The Common Good

Ryan Beiler: Christian Peacemakers Forgive Iraqi Captors Now Facing Trial

Norman Kember, Harmeet Singh Sooden, and James Loney, the three Christian Peacemaker Team members held by Iraqi militants for 118 days last year have responded to the arrest and trial of their captors much in the way anyone familiar with their organization would expect - with unconditional forgiveness and an unequivocal condemnation of violence as a means of justice.

Below are a few excerpts from their statement. You can also read James' and Harmeet's personal accounts of their abductions in the December issue of Sojourners magazine.

We unconditionally forgive our captors for abducting and holding us. We have no desire to punish them. Punishment can never restore what was taken from us.

What our captors did was wrong. They caused us, our families and our friends great suffering. Yet, we bear no malice towards them and have no wish for retribution. Should those who have been charged with holding us hostage be brought to trial and convicted, we ask that they be granted all possible leniency. We categorically lay aside any rights we may have over them.

In our view, the catastrophic levels of violence and the lack of effective protection of human rights in Iraq is inextricably linked to the U.S.-led invasion and occupation. As for many others, the actions of our kidnappers were part of a cycle of violence they themselves experienced. While this is no way justifies what the men charged with our kidnapping are alleged to have done, we feel this must be considered in any potential judgment.

...

Kidnapping is a capital offence in Iraq and we understand that some of our captors could be sentenced to death. The death penalty is an irrevocable judgment. It erases all possibility that those who have harmed others, even seriously, can yet turn to good. We categorically oppose the death penalty.
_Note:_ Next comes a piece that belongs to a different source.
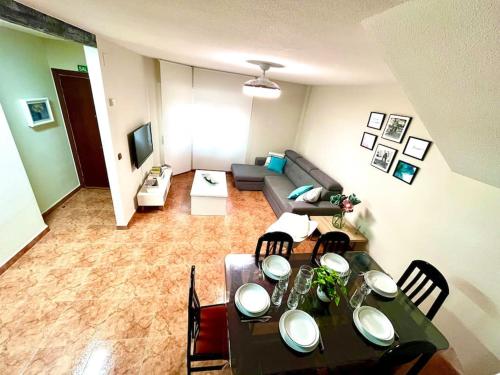 卡斯特洪El Rincón de Neza (UAT01440)的客厅配有桌椅和沙发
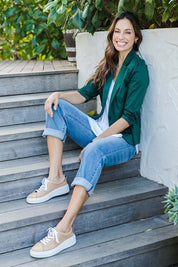 Model Amanda wearing size 10 of The Everyday Blazer in colour Deepgreen (Green), from the front, showing the whole outfit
As one who spent many agonizing moments in prayer and reflection on their abduction last year (having considered going to Iraq with CPT myself), emotions rush back to the surface as I remember their lives hanging in the balance. On the other side of that Advent, I marvel at how their lives - and that of their fallen colleague Tom Fox - continue to shine as witnesses to the Prince of Peace and power and possibility of forgiveness and reconciliation.

Ryan Beiler is the Web Editor for Sojourners/Call to Renewal.